Action item:
Transcribe every entry word for word, but drop the pictures.

Material supplied:
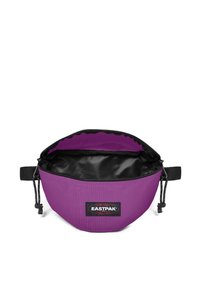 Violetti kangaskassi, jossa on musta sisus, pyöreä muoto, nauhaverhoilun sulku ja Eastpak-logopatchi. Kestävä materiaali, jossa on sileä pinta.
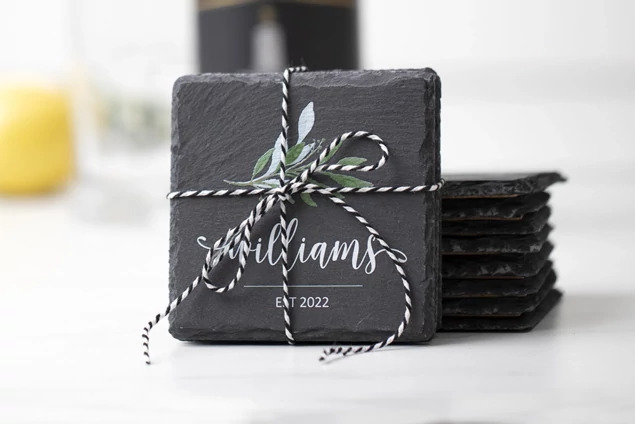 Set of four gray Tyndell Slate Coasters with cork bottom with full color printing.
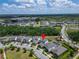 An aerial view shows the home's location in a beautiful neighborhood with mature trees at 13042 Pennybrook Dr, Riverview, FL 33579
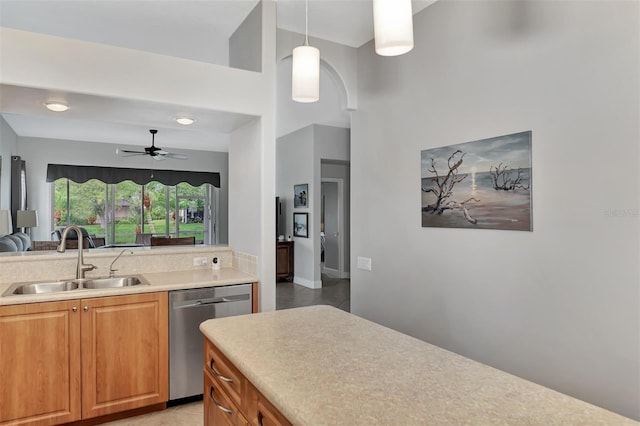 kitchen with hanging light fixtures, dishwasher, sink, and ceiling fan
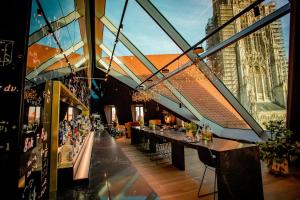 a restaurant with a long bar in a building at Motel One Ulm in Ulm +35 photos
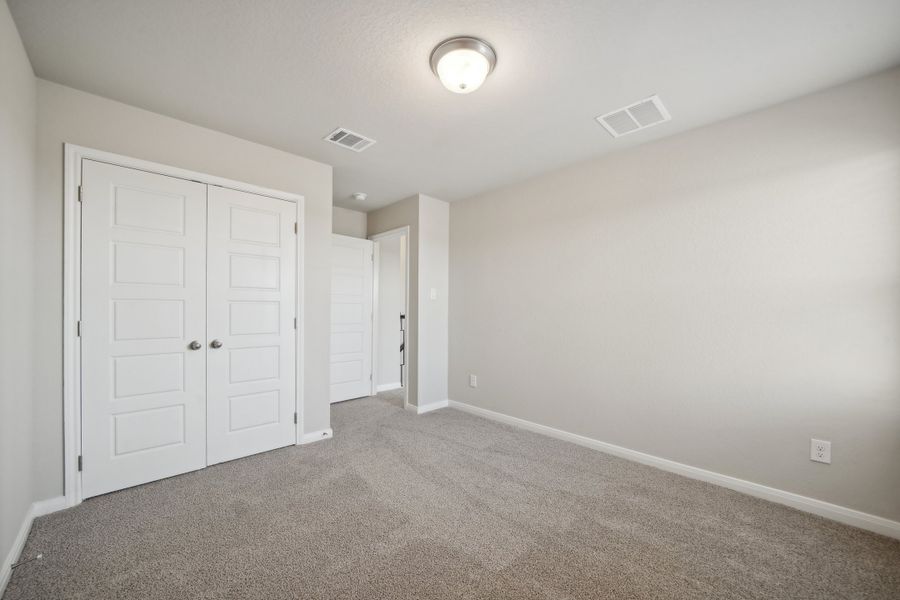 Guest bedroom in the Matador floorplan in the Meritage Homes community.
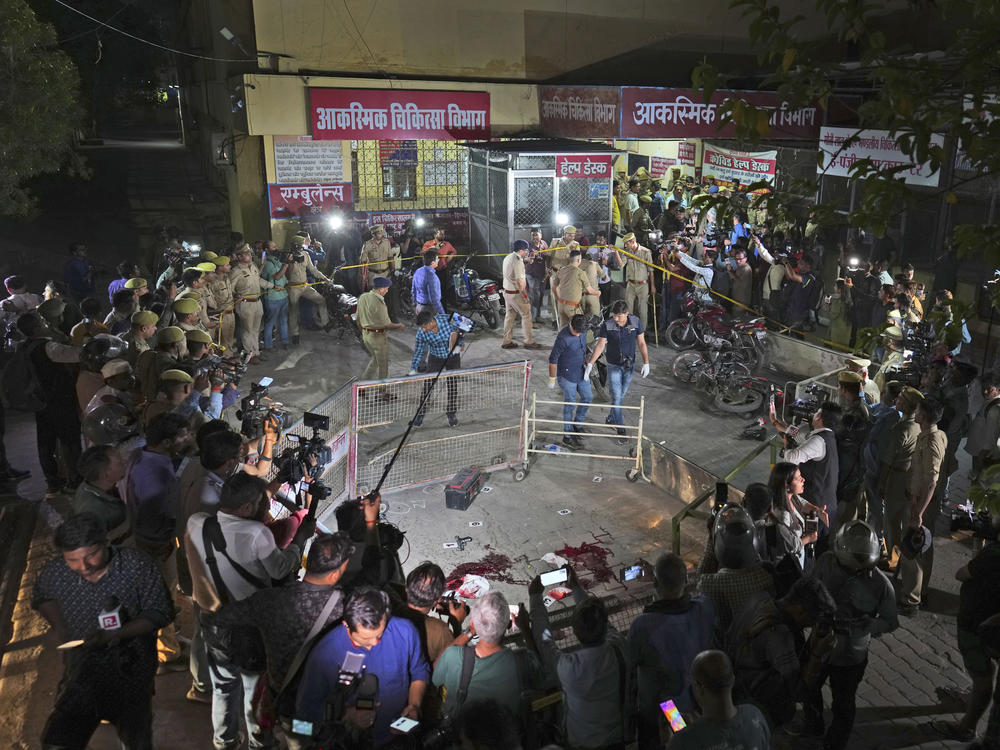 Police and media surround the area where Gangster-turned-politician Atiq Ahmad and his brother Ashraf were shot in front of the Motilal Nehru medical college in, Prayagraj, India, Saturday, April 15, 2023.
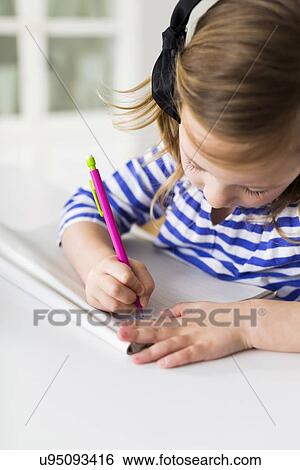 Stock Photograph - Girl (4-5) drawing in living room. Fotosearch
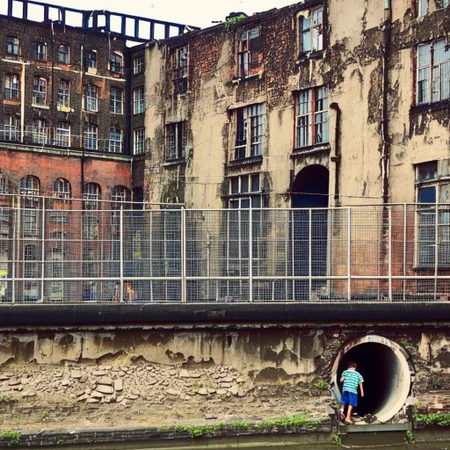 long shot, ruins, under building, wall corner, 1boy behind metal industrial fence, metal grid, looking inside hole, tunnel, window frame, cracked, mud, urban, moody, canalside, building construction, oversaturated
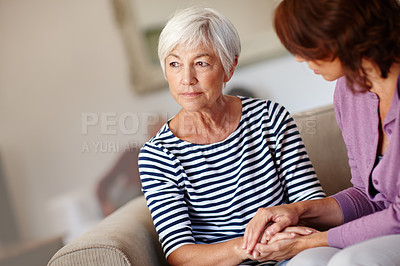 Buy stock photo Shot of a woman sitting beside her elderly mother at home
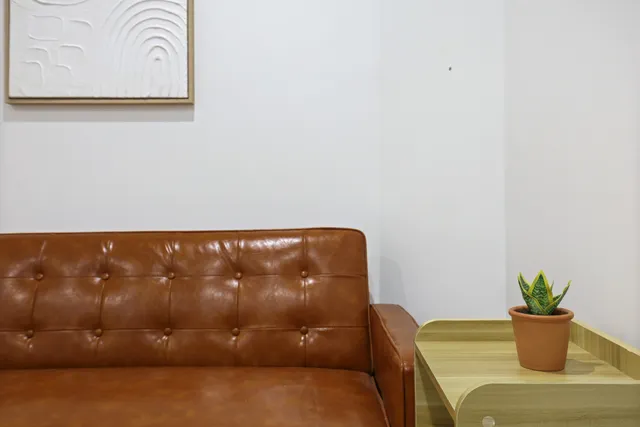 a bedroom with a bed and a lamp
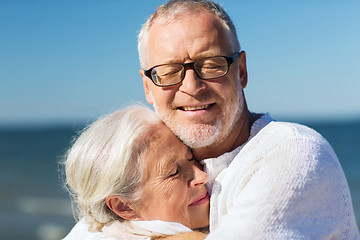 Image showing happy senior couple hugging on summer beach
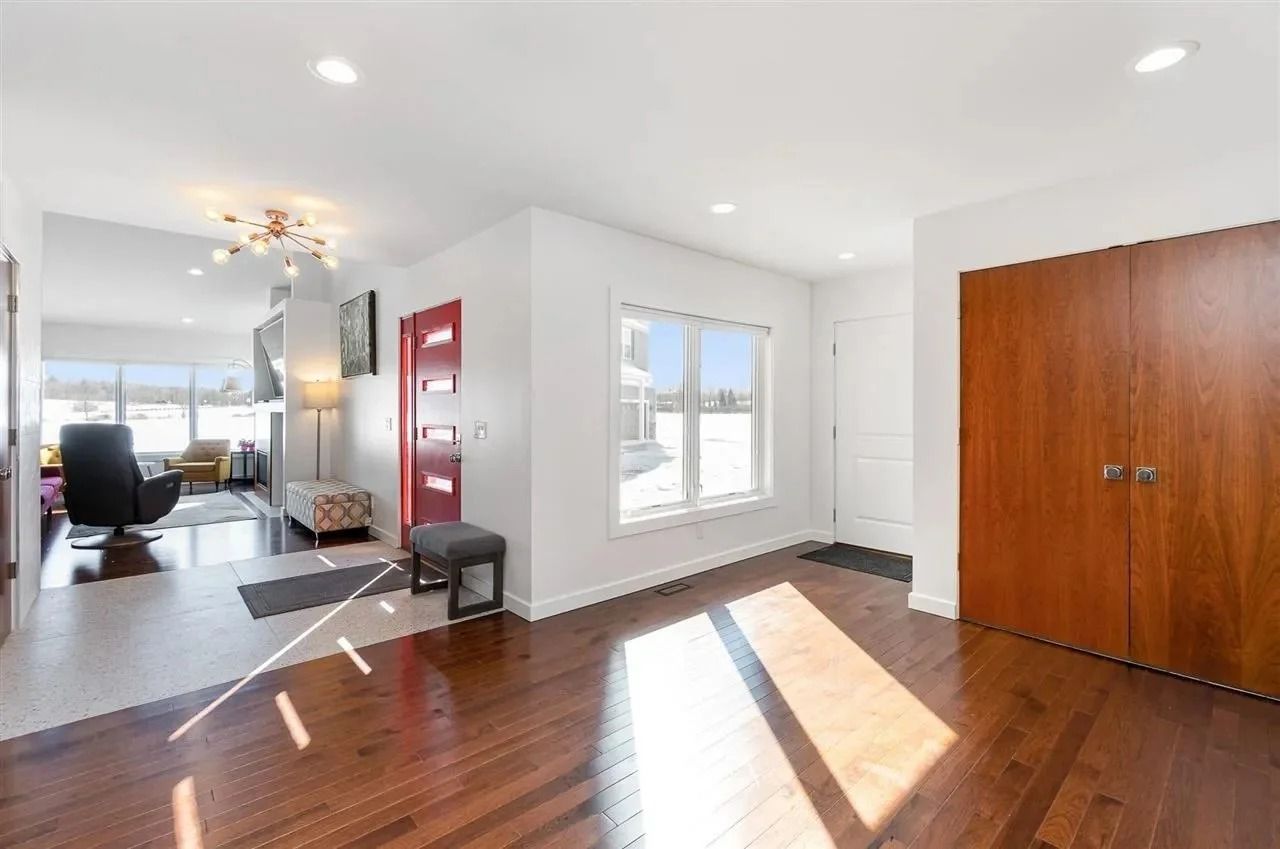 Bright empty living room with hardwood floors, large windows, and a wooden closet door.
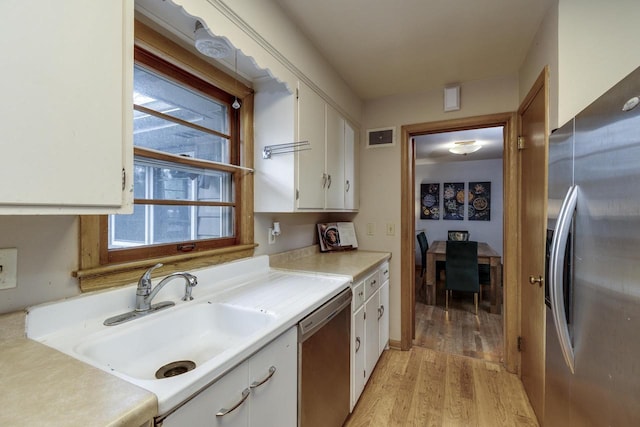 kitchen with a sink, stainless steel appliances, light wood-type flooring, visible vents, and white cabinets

Result below:
 Violetti kangaskassi, jossa on musta sisus, pyöreä muoto, nauhaverhoilun sulku ja Eastpak-logopatchi. Kestävä materiaali, jossa on sileä pinta.
 Set of four gray Tyndell Slate Coasters with cork bottom with full color printing.
 An aerial view shows the home's location in a beautiful neighborhood with mature trees at 13042 Pennybrook Dr, Riverview, FL 33579
 kitchen with hanging light fixtures, dishwasher, sink, and ceiling fan
 a restaurant with a long bar in a building at Motel One Ulm in Ulm +35 photos
 Guest bedroom in the Matador floorplan in the Meritage Homes community.
 Police and media surround the area where Gangster-turned-politician Atiq Ahmad and his brother Ashraf were shot in front of the Motilal Nehru medical college in, Prayagraj, India, Saturday, April 15, 2023.
 Stock Photograph - Girl (4-5) drawing in living room. Fotosearch
 long shot, ruins, under building, wall corner, 1boy behind metal industrial fence, metal grid, looking inside hole, tunnel, window frame, cracked, mud, urban, moody, canalside, building construction, oversaturated
 Buy stock photo Shot of a woman sitting beside her elderly mother at home
 a bedroom with a bed and a lamp
 Image showing happy senior couple hugging on summer beach
 Bright empty living room with hardwood floors, large windows, and a wooden closet door.
 kitchen with a sink, stainless steel appliances, light wood-type flooring, visible vents, and white cabinets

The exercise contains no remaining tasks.